___ Exercise input

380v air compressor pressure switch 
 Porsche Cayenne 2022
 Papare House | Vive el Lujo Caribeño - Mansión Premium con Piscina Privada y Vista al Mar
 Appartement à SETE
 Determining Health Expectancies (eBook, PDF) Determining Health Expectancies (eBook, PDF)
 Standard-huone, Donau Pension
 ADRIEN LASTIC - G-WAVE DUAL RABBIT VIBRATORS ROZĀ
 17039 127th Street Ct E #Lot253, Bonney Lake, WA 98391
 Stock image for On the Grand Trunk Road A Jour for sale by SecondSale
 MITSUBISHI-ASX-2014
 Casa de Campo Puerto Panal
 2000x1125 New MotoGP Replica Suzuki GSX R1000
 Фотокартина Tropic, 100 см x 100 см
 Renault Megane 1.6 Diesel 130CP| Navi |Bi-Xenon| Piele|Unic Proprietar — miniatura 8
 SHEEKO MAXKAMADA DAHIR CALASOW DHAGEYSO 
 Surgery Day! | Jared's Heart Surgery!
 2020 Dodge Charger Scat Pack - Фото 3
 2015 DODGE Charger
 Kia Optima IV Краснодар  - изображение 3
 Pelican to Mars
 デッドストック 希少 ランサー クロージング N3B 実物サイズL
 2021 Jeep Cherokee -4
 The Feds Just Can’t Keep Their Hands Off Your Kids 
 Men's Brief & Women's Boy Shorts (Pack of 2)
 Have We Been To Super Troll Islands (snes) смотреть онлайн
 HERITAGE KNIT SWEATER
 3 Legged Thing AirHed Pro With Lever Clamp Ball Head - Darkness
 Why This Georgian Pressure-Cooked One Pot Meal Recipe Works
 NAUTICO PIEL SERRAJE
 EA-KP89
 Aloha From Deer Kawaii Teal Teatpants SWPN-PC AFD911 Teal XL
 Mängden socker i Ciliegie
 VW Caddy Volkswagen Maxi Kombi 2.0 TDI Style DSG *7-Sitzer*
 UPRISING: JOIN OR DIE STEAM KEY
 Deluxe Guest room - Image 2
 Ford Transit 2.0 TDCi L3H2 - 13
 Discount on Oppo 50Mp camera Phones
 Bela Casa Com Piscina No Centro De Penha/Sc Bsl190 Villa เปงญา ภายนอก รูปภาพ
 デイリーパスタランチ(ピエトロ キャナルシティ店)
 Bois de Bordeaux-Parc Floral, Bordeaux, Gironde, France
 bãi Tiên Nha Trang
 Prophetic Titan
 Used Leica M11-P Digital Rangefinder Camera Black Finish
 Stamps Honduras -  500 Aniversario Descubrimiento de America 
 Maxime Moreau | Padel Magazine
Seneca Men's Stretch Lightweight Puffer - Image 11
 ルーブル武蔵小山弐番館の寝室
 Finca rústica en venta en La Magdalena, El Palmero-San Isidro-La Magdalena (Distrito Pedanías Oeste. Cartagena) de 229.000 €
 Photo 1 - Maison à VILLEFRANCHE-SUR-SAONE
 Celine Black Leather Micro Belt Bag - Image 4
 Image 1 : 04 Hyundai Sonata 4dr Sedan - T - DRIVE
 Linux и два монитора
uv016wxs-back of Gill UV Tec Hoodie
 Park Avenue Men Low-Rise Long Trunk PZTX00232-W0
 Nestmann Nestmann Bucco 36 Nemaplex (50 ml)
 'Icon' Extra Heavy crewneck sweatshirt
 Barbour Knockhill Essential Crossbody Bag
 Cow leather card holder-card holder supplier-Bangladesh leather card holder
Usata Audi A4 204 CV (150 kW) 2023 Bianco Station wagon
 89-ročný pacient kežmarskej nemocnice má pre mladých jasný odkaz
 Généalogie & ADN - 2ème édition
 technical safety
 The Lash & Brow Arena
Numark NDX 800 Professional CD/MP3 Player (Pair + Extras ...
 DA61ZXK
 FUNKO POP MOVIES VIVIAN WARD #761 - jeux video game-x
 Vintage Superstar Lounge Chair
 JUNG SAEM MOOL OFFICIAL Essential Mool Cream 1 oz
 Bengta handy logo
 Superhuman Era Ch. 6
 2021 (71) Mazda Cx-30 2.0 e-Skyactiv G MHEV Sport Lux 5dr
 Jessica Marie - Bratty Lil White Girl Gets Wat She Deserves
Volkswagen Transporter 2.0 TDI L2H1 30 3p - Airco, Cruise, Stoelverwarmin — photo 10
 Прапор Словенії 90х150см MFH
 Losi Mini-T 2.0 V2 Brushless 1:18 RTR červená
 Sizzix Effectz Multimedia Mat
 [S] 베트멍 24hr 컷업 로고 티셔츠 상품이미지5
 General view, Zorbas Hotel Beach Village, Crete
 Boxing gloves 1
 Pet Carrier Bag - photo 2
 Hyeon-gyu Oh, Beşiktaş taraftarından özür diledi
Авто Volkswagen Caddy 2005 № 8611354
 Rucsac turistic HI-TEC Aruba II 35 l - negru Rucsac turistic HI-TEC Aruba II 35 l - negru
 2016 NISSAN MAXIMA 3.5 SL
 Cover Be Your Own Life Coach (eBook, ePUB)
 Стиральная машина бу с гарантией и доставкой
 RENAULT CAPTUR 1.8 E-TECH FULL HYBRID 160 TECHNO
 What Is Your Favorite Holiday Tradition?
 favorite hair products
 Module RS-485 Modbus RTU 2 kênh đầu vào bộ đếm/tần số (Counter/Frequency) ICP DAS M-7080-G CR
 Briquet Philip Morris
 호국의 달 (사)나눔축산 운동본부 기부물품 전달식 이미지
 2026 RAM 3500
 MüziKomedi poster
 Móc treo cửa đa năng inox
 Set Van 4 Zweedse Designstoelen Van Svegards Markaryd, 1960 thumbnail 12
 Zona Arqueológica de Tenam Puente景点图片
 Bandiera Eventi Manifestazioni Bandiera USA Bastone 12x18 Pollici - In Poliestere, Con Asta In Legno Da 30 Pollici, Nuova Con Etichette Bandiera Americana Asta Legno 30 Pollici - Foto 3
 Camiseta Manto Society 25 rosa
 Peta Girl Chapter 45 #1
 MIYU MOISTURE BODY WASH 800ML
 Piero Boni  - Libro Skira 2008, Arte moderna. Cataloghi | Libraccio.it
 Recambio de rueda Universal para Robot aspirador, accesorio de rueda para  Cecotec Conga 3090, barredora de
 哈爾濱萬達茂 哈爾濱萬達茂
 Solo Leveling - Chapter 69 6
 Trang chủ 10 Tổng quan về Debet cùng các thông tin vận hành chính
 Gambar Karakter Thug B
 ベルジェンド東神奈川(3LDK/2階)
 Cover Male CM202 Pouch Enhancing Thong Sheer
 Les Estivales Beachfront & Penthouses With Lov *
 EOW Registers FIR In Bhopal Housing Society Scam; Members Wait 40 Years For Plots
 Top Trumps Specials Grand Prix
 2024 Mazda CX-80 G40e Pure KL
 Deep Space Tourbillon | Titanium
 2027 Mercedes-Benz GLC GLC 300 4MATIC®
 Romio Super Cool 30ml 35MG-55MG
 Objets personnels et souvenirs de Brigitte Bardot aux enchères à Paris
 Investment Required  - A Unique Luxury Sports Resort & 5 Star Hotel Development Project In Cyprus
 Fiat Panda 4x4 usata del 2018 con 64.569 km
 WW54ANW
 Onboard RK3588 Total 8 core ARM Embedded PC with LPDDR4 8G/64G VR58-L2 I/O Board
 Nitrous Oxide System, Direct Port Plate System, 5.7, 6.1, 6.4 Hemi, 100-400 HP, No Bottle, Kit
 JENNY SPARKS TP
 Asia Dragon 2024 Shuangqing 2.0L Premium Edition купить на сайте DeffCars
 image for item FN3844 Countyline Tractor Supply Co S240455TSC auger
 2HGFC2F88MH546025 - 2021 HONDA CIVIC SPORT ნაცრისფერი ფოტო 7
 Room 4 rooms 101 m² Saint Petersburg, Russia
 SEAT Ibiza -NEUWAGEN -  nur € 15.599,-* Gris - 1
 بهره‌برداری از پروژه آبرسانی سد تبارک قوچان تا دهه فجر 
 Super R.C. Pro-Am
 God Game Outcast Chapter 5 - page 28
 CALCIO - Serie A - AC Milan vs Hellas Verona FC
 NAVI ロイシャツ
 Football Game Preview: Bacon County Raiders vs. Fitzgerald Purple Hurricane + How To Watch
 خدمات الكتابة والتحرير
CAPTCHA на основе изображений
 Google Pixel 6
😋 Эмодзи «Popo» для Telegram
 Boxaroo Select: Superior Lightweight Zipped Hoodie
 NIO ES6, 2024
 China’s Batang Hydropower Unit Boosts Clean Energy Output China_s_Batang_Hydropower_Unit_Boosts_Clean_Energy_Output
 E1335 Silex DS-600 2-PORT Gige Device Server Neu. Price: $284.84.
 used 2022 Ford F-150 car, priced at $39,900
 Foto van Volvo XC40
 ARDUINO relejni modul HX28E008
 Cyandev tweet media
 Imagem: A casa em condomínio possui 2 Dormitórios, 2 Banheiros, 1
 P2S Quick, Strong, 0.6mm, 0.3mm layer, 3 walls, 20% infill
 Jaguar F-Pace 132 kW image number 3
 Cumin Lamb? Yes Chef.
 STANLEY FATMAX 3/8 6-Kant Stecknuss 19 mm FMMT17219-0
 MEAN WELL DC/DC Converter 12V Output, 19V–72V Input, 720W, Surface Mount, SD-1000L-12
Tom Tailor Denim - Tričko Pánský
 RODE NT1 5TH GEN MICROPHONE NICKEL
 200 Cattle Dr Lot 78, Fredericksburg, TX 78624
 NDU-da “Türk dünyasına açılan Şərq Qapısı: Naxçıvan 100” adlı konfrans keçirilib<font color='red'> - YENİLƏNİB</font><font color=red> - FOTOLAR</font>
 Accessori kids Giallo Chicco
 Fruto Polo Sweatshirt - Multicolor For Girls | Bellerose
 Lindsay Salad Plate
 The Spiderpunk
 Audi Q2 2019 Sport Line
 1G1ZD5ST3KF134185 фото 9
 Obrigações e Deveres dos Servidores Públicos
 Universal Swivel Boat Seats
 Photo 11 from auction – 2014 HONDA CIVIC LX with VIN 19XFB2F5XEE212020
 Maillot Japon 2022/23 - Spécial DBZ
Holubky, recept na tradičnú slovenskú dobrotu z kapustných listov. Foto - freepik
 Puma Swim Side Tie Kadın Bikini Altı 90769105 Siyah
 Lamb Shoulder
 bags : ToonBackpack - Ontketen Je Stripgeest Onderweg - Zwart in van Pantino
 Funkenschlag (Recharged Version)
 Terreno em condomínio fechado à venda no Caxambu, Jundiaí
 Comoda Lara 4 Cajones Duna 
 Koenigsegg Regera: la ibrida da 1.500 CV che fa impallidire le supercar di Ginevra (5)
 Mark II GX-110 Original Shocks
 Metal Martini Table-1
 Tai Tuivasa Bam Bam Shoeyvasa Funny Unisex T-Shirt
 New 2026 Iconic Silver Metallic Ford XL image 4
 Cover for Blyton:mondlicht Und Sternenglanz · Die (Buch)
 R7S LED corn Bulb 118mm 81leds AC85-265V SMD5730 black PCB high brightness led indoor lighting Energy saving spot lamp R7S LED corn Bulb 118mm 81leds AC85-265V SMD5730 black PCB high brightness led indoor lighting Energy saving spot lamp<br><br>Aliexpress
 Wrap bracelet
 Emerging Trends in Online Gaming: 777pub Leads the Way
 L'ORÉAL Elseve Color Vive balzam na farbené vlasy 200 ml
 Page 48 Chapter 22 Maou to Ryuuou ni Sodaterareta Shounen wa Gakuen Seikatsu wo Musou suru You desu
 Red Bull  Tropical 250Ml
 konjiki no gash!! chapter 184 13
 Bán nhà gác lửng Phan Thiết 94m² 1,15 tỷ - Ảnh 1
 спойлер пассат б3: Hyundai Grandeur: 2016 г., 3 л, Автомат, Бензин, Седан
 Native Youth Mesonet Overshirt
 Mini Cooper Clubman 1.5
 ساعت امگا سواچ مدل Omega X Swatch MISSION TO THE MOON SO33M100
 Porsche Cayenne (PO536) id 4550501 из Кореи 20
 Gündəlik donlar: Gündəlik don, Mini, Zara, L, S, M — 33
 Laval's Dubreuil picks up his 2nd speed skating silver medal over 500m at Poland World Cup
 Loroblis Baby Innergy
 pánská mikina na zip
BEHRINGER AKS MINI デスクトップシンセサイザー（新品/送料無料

______

Task to complete: Output only the lines from the top of the entries through the one holding "Bois de Bordeaux-Parc", copied exactly.

Reply:
380v air compressor pressure switch 
 Porsche Cayenne 2022
 Papare House | Vive el Lujo Caribeño - Mansión Premium con Piscina Privada y Vista al Mar
 Appartement à SETE
 Determining Health Expectancies (eBook, PDF) Determining Health Expectancies (eBook, PDF)
 Standard-huone, Donau Pension
 ADRIEN LASTIC - G-WAVE DUAL RABBIT VIBRATORS ROZĀ
 17039 127th Street Ct E #Lot253, Bonney Lake, WA 98391
 Stock image for On the Grand Trunk Road A Jour for sale by SecondSale
 MITSUBISHI-ASX-2014
 Casa de Campo Puerto Panal
 2000x1125 New MotoGP Replica Suzuki GSX R1000
 Фотокартина Tropic, 100 см x 100 см
 Renault Megane 1.6 Diesel 130CP| Navi |Bi-Xenon| Piele|Unic Proprietar — miniatura 8
 SHEEKO MAXKAMADA DAHIR CALASOW DHAGEYSO 
 Surgery Day! | Jared's Heart Surgery!
 2020 Dodge Charger Scat Pack - Фото 3
 2015 DODGE Charger
 Kia Optima IV Краснодар  - изображение 3
 Pelican to Mars
 デッドストック 希少 ランサー クロージング N3B 実物サイズL
 2021 Jeep Cherokee -4
 The Feds Just Can’t Keep Their Hands Off Your Kids 
 Men's Brief & Women's Boy Shorts (Pack of 2)
 Have We Been To Super Troll Islands (snes) смотреть онлайн
 HERITAGE KNIT SWEATER
 3 Legged Thing AirHed Pro With Lever Clamp Ball Head - Darkness
 Why This Georgian Pressure-Cooked One Pot Meal Recipe Works
 NAUTICO PIEL SERRAJE
 EA-KP89
 Aloha From Deer Kawaii Teal Teatpants SWPN-PC AFD911 Teal XL
 Mängden socker i Ciliegie
 VW Caddy Volkswagen Maxi Kombi 2.0 TDI Style DSG *7-Sitzer*
 UPRISING: JOIN OR DIE STEAM KEY
 Deluxe Guest room - Image 2
 Ford Transit 2.0 TDCi L3H2 - 13
 Discount on Oppo 50Mp camera Phones
 Bela Casa Com Piscina No Centro De Penha/Sc Bsl190 Villa เปงญา ภายนอก รูปภาพ
 デイリーパスタランチ(ピエトロ キャナルシティ店)
 Bois de Bordeaux-Parc Floral, Bordeaux, Gironde, France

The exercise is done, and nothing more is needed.